今の季節、2月の半ばというのは、春と冬が混在している不思議な季節だ。 外に出て陽の光を浴びても、家の中で日々変わる温度の中に身を置いていても、そこには春と冬のせめぎ合いがある。
この二つの季節が並走する時、私はぼんやりと思いに耽るのが好きだ。 毎日私の心は春に浸ったり、冬に浸ったりする。 春には木々が芽吹く生命感とそれに続く希望があり、冬には寒さに閉じ込められた中での重みのある精神の充実がある。 この二つを両手に持って行ったり来たりしながら楽しむ。

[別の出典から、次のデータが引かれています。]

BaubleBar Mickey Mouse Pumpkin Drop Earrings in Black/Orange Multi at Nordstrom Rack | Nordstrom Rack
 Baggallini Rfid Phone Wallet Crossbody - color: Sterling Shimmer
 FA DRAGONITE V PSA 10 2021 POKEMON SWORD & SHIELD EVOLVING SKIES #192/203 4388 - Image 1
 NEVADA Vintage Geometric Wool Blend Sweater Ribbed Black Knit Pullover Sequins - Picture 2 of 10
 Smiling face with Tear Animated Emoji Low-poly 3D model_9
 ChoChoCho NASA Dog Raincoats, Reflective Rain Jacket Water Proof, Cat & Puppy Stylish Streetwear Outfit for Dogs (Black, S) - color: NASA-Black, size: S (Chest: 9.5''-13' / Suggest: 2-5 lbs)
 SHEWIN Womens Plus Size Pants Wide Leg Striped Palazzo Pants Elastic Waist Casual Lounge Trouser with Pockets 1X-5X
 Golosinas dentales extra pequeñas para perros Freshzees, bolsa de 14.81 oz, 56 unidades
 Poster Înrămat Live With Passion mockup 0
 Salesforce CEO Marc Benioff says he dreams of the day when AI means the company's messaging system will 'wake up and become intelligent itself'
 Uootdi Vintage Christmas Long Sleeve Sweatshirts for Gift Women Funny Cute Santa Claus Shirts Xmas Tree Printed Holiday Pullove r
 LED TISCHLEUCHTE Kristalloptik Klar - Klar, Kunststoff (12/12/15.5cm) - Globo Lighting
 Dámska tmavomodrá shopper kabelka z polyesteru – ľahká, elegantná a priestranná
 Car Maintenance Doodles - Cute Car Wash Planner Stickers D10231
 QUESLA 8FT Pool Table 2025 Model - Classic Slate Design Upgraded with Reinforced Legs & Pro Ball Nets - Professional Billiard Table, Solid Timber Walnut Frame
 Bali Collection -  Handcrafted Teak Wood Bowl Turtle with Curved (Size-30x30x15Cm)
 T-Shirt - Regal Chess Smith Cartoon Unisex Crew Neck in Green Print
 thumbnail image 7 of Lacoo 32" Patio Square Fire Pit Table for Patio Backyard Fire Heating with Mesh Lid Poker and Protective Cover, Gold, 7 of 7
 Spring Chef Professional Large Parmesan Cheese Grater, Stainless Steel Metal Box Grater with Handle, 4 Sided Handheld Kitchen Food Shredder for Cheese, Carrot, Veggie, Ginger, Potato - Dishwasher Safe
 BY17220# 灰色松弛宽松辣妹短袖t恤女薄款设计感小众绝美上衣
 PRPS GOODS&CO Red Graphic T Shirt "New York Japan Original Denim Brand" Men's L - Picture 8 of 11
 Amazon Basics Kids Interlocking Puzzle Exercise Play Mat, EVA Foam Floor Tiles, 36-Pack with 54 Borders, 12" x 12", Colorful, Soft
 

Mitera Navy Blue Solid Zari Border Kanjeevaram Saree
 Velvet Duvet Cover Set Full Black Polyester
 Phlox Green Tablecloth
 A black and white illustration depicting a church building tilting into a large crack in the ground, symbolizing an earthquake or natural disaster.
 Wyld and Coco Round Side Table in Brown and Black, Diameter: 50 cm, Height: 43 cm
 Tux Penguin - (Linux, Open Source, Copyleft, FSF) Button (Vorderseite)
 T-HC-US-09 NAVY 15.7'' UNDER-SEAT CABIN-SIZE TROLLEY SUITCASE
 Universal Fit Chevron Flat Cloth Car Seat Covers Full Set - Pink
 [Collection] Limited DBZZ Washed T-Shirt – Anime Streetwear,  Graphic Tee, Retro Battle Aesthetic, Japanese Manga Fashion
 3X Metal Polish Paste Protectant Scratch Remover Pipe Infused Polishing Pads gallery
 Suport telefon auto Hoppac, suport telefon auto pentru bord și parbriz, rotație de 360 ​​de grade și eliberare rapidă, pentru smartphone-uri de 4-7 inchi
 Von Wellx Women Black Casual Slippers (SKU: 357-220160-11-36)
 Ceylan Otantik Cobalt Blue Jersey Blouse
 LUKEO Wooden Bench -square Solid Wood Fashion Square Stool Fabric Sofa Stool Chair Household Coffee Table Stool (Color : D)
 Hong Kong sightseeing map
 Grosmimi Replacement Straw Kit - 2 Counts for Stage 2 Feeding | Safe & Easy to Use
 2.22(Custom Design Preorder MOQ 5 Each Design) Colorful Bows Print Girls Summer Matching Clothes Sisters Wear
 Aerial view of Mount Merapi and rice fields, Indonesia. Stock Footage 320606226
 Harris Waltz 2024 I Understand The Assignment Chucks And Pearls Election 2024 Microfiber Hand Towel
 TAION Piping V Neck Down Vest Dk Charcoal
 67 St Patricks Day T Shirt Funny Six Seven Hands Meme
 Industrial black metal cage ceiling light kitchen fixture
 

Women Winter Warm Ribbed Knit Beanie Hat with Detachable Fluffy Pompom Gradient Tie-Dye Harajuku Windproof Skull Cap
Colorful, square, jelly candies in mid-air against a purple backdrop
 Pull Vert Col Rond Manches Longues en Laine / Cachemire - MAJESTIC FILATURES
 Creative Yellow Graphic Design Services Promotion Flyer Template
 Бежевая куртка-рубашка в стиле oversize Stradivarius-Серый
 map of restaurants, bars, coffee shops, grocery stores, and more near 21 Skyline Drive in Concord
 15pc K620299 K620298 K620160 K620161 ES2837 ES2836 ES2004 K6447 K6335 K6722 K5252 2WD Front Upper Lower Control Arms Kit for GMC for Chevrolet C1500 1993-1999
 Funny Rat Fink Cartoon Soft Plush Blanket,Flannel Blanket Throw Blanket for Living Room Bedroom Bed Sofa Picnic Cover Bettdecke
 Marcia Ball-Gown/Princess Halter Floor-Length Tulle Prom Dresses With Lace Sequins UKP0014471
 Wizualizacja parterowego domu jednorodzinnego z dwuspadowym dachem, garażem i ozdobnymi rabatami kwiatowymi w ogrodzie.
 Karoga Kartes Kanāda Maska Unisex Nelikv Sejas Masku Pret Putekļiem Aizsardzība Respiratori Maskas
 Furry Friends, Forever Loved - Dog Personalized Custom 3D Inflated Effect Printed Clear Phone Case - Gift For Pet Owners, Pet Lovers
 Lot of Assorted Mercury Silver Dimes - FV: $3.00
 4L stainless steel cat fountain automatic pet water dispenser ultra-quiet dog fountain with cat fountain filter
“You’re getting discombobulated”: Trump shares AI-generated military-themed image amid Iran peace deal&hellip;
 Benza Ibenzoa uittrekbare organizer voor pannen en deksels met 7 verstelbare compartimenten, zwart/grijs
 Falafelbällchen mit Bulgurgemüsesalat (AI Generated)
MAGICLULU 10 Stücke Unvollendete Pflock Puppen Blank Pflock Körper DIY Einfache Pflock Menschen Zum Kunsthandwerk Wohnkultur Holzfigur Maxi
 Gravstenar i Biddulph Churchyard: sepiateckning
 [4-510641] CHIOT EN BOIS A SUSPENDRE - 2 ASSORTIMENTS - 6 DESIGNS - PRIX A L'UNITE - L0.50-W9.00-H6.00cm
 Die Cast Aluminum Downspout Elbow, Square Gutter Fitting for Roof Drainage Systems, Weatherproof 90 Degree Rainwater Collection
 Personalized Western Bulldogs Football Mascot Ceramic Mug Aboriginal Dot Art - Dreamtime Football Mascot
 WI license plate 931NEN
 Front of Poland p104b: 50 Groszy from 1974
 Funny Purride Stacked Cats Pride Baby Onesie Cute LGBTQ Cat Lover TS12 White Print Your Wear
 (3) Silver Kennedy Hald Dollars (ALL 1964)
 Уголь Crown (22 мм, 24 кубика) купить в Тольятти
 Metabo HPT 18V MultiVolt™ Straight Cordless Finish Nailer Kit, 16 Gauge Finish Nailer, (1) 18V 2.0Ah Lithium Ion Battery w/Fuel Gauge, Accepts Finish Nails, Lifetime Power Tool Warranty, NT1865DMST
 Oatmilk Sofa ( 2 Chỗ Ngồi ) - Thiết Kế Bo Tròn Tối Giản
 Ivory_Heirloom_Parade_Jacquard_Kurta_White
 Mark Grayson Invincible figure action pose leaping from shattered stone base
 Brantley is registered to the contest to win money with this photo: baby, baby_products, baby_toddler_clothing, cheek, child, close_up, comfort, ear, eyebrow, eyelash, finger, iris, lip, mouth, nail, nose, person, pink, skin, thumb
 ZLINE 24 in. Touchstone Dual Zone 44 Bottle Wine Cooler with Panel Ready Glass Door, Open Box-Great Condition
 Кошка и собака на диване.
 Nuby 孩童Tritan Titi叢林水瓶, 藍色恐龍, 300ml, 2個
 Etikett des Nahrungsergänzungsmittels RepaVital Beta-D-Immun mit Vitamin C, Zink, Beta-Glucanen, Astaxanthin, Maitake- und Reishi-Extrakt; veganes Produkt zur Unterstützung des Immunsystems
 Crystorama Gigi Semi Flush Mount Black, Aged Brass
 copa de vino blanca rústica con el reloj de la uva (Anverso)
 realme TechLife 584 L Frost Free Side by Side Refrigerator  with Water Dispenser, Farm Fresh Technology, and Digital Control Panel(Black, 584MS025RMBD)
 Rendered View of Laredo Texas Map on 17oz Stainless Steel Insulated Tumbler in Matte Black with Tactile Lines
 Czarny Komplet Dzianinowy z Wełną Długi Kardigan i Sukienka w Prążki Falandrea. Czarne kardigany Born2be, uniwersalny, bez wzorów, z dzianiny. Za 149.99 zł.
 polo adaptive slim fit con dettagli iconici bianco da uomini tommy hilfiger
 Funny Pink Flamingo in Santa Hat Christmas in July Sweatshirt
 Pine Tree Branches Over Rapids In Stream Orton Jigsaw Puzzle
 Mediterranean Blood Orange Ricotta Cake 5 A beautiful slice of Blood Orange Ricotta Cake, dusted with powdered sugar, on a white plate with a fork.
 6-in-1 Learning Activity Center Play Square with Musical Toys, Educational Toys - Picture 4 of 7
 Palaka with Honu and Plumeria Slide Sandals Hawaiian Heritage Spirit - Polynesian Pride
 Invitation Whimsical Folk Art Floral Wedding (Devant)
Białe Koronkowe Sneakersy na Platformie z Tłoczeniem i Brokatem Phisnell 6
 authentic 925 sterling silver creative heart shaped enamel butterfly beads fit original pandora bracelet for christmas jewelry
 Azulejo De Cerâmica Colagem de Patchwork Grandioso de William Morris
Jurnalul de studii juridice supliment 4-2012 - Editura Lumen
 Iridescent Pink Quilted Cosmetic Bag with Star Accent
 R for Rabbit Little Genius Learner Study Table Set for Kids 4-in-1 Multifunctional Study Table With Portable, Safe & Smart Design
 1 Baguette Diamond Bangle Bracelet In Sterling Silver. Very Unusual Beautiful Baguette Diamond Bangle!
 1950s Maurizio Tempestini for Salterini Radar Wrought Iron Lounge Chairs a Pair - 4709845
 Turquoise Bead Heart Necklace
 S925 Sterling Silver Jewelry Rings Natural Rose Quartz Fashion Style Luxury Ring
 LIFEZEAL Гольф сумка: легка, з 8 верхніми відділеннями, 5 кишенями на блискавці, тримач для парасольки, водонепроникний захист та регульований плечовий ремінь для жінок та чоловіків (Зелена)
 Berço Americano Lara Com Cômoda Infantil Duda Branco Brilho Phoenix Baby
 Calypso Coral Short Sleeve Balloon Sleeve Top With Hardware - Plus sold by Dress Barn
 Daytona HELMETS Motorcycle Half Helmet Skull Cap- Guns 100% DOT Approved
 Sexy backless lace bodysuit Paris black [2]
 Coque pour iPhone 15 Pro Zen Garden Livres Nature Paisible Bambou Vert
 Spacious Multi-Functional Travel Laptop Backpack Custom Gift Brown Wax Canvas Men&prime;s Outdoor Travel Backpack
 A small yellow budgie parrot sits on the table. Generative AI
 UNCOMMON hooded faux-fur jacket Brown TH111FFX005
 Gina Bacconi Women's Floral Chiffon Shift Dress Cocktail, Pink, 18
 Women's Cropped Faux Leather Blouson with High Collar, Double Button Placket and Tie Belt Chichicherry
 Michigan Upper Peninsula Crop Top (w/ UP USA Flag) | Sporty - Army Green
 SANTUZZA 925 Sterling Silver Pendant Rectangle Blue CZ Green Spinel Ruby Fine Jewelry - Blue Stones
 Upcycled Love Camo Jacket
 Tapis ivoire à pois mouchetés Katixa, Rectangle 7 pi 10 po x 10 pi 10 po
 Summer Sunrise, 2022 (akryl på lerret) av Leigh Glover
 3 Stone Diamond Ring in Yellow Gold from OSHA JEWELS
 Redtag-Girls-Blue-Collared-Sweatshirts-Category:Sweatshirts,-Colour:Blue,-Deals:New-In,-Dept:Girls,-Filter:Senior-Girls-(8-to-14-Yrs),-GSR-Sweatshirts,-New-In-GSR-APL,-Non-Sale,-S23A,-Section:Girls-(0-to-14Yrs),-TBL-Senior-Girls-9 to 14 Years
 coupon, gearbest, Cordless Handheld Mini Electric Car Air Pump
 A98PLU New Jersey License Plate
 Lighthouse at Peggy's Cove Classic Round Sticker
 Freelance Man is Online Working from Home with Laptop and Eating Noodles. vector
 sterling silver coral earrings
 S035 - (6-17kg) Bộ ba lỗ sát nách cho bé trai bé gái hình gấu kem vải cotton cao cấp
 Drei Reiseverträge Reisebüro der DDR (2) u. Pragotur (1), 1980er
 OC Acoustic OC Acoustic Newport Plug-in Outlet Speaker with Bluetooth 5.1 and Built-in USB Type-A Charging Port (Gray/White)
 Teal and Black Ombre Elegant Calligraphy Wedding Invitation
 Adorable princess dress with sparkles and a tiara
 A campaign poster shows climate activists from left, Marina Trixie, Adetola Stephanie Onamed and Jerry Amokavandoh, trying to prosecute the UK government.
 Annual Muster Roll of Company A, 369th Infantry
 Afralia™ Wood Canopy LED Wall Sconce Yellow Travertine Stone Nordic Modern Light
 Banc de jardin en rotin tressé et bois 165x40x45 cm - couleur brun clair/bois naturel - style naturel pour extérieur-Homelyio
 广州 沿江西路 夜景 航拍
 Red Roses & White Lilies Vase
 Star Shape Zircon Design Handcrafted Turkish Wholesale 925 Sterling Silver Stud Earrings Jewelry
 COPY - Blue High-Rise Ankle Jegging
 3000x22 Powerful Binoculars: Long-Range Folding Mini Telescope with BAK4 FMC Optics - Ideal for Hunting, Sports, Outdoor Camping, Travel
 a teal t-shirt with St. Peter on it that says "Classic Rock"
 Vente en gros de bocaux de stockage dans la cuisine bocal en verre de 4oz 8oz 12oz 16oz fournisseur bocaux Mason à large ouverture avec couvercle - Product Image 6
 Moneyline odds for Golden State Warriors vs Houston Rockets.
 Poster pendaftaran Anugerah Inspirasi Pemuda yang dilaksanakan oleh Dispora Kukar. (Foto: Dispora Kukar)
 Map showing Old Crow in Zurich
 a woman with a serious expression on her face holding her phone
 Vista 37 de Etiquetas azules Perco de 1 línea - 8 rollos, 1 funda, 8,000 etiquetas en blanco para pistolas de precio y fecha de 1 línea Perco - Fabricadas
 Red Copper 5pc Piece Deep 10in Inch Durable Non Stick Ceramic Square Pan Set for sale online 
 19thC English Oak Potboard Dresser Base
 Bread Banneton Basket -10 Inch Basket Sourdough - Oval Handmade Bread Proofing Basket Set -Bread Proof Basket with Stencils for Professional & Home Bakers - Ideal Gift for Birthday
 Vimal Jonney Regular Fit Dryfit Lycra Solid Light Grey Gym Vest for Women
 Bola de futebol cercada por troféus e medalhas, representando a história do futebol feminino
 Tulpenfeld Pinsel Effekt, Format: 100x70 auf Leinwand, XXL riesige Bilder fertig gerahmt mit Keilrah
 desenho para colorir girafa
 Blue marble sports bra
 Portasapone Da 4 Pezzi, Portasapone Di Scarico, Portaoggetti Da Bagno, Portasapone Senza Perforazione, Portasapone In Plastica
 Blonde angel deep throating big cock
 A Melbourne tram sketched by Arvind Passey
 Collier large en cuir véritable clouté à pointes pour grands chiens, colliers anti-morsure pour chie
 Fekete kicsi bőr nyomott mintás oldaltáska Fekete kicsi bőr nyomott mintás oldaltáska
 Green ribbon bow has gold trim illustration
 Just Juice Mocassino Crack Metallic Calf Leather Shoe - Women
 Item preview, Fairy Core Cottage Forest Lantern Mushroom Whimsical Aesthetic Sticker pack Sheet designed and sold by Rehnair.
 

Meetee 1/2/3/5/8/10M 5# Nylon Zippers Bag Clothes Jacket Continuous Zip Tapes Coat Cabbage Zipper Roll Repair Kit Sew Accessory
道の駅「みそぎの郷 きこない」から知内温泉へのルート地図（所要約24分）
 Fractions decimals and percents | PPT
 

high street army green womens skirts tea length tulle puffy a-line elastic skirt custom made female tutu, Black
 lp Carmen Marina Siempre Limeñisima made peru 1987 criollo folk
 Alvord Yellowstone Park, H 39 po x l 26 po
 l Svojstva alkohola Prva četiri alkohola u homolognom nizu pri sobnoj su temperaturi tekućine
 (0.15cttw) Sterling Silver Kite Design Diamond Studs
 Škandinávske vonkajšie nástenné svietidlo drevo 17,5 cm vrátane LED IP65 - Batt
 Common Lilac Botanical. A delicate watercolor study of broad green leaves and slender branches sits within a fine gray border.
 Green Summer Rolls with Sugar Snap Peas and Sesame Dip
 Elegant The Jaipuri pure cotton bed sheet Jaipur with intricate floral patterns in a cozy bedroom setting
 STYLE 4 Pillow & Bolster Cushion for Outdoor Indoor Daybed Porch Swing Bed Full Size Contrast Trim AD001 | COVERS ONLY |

もう20年近く前、ローマから汽車に乗り、イタリアを東に横断してアドリア海側の町に行ったのもこの時期だった。  車窓に現れるのは、まだ葉を落としたままの木々や、立ち枯れた背の高い草に覆われた景色ばかりだった。 薄茶色の草原や荒地を抜けて、特急とは名ばかりの汽車はゴトゴトゆっくりと走ってゆく。 しばらく走ると、一面雪に覆われた山に入る。 もう春を想わせる太陽が降り注ぐが、外は真っ白だ。 私は何時間もそんな景色を飽きずに眺めた。 そこにも春と冬が混在していた。 車窓に迫る岩肌も、雪の草原も、茶色の荒地も私には美しくて魅力的だった。 人の手が付けられていない自然がそこにあり、町に近づくとそんな自然を開拓した人々の暮らしが垣間見えた。 そこの人たちは逞しくて明るかった。

汽車の旅はロマン派の曲に似ている。 景色が次々と現れては去っていく。 その流れはフレーズの流れと同じだ。 ある景色に見とれていても、次なる景色が現れ、二つの景色が並走したかと思えば、もう前の景色は過ぎ去っている。 やがて、またさらに次の景色が遠くに見える。 ロマン派の曲はそうやって旅をする。 その流れが人生に重なる。

もう半月もすれば春が来る。 冬は忘れ去られ、また旅が続いてゆく。